Commentary: With the exception of Tourism, there was not one department during the eight-year term of former Gov. Susana Martinez that could have been described as smooth-running and successful.
The Human Services Department dismantled the state’s mental healthcare system based on a faulty audit. The Children Youth and Families Department was unable to prevent horrific child abuse deaths, despite warnings ahead of time. Taxation and Revenue Secretary Demesia Padilla left office under the cloud of criminal charges of embezzlement.
But for all of that dysfunction and bad governance, no department was as bogged down in constant controversy as the Public Education Department under former Secretary Hannah Skandera. She was determined to impose reforms based on the increased use of high-stakes tests; high stakes for the teachers and the schools, but not for the students. The Legislature was just as determined to stop those reforms. Education for our kids languished as the adults fought it out.
Caught in the middle of that mess for eight years were the men and women who work for the Public Education Department. The few I met when I covered state government in Santa Fe were incredibly bright and seriously committed to the task of making our schools better.
I am certain that they were more than looking forward to calmer waters and a little stability under new Gov. Michelle Lujan Grisham. Unfortunately, that’s not what that they got.
Less than six months after naming Karen Trujillo to lead the department, Lujan Grisham decided to fire her. And I’m not sure why.

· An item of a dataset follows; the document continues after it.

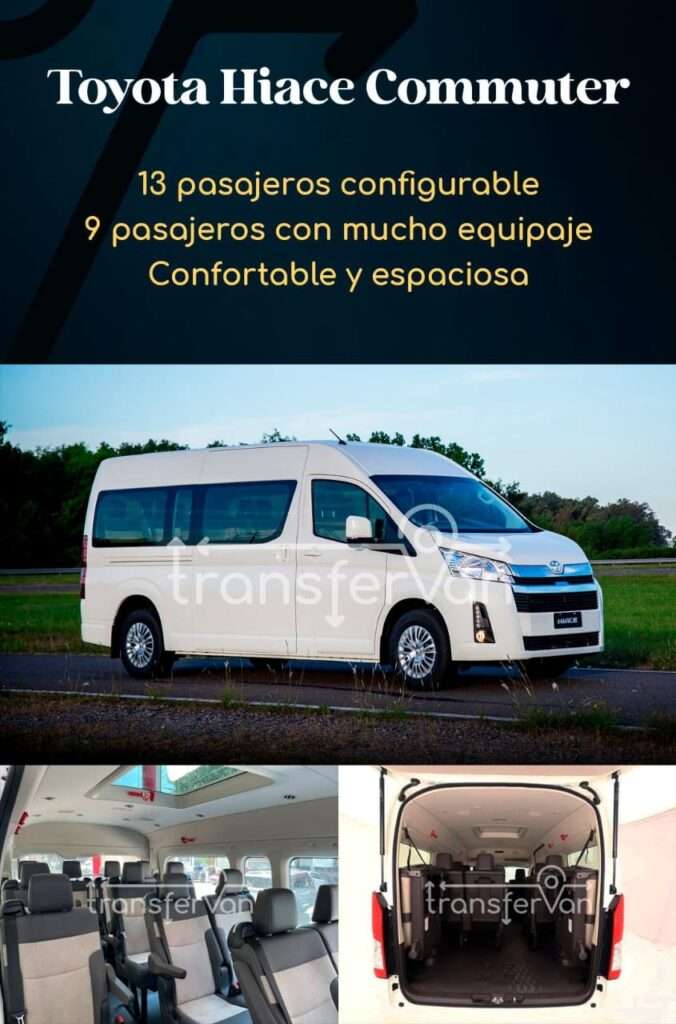Vehículo de la flota Transfervan para traslados privados en Buenos Aires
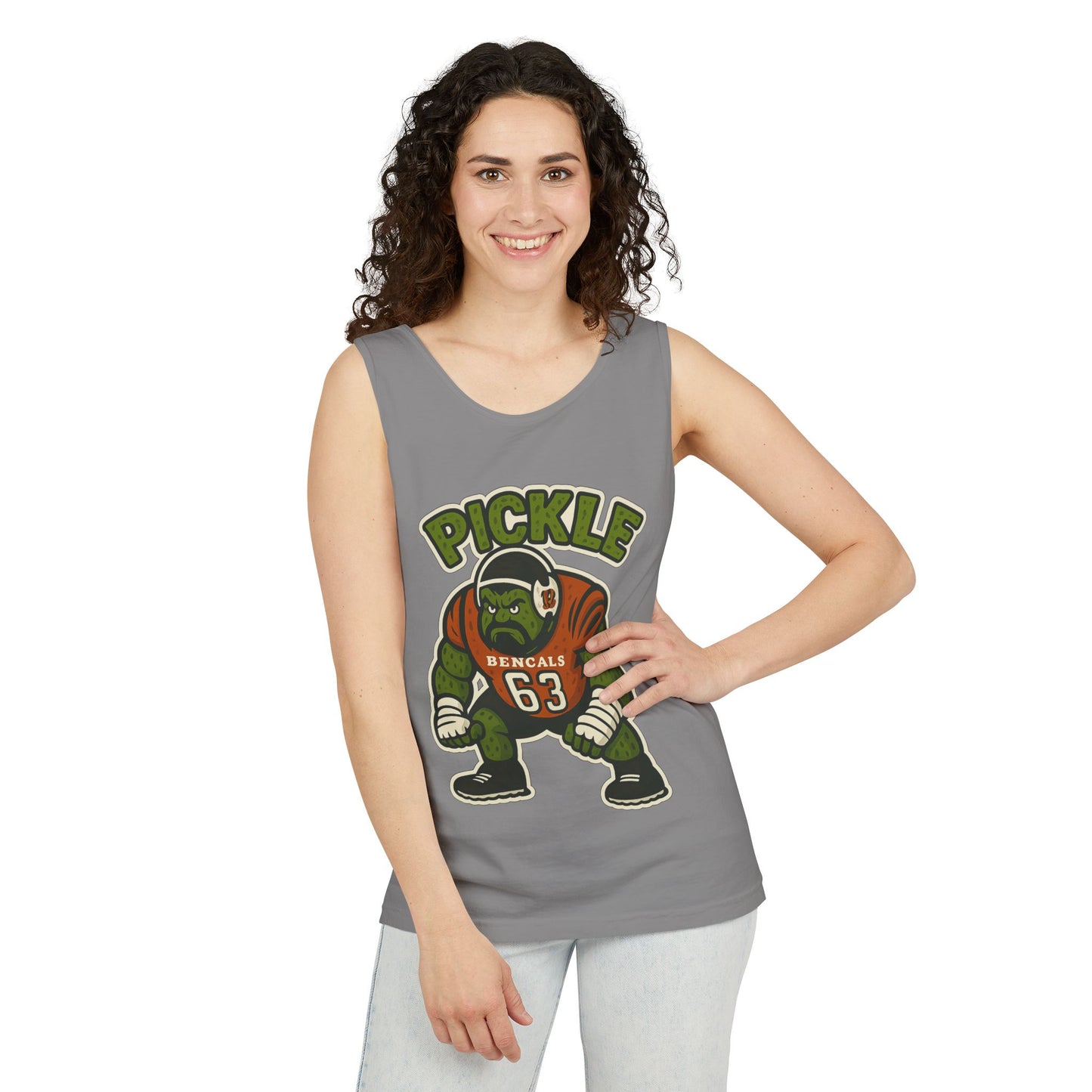 Pickle Fairchild Football Tank Top, Unisex Sports Apparel, Summer Workout Shirt, Game Day Gear, Funny Graphic Top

It wasn’t tied to the lousy test scores that were just announced, her office said. Trujillo could hardly be held responsible for tests taken before she took office.
“Expectations were not met in a number of areas,” the governor told the Sun-News. “There were management, communication and organization issues,” added spokesman Tripp Steinciki.
Trujillo said her firing, “definitely came as a surprise to me and the whole leadership team.” She said she felt they were “moving in a good direction.” She added, however, that she never had direct communications with the governor, only with her staff.
Like everybody else on the outside looking in, I don’t know what really happened.
But here’s what I do know. Karen Trujillo has been successful in every position she’s held before this one.
Her management skills weren’t a problem when she was elected chairman of the County Commission. Her communication skills were just fine when she was interim dean of research for the College of Education at NMSU. There were no issues with organization when she was principal of Las Cruces Catholic Schools.
Nothing is more important for the new administration than education. Not only is it a moral imperative, the state is under a legal court order to bring our schools up to a level of adequacy. In response, Lujan Grisham has called for a “moonshot” on education, and the Legislature has provided the funding to make that happen.
But it’s going to take more than money. Bringing New Mexico students up from the bottom of national rankings where they have languished for decades will also require leadership and vision. And, a level of personal commitment beyond what the governor has demonstrated thus far, if Trujillo’s account of their lack of communication is accurate.
This was a bad stumble coming out of the gate on an issue where we can’t afford to fall behind any further. We didn’t get to the moon by putting a new person in charge every six months. The governor needs to devote her full attention to getting this right.